On the purely physical side, my shaking thousands of hands—I estimated some 3,500 in one two-hour period in the public market in Angeles, Pampanga—has apparently given my right arm a life of its own, like that of Dr. Strangelove or one of Jim Carrey’s characters. It twitches uncontrollably when not in action, as if waiting impatiently to be fed.
There is no doubt in my mind that Philippine democracy is alive. Everywhere I went, there was intense interest in the candidates, particularly the presidential candidates, with many pausing from their labors to inquire which presidential nominee I favored and what program my party Akbayan had to offer. Everywhere the courtship of the voter was intense. Gone are the days when the “command vote” for a candidate could be considered sufficient to deliver victory. Except in the remotest places, the “market vote” has increased in both size and decisiveness. The market vote is no statistical abstraction for candidates: In almost every municipality and city, it has become de rigueur for candidates to present and sell themselves in the public market, trying to shake every hand within reach, even the wet hands of fish and meat vendors embarrassed to extend them.
Most of the time, the cynics say, the people are at the mercy of the politicians. Maybe, but for at least three months every three years, the politicians are at the mercy of the voters.
Philippine democracy is alive, but is it well?
It is difficult to answer in the affirmative. The reason for this goes beyond the fact that come election day, scores will have been gunned down and huge sums will have been passed out to buy votes.

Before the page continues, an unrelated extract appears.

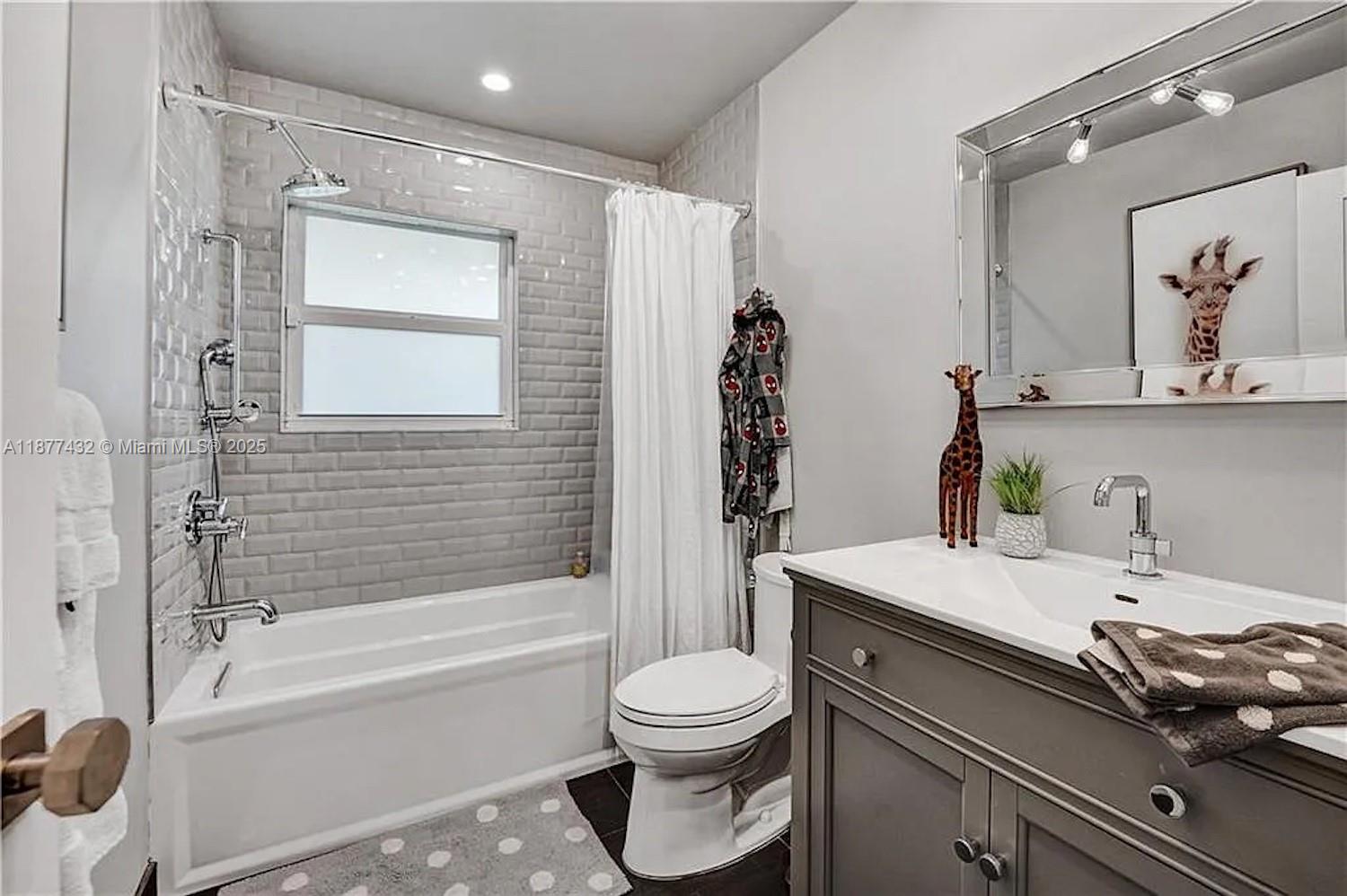 EDGEWATER ESTATES - Residential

What worries me, more than the violence and the vote-buying, of which we will always have a good dosage of, is the skyrocketing cost of elections. P9 billion is now said to be a conservative estimate for a presidential run, and P1.1 billion for somebody running for the Senate is said to be a low figure. For a candidate for Congress, P450 million is definitely on the low side. Most of these sums are spent on media outreach, particularly television. One is tempted to say the media is king. It might be more appropriate to say that the market is king, since it is the demand for advertising space, in a system where there are few legal constraints on electoral spending on media exposure, that raises its price many times over in the course of the 12-week election period.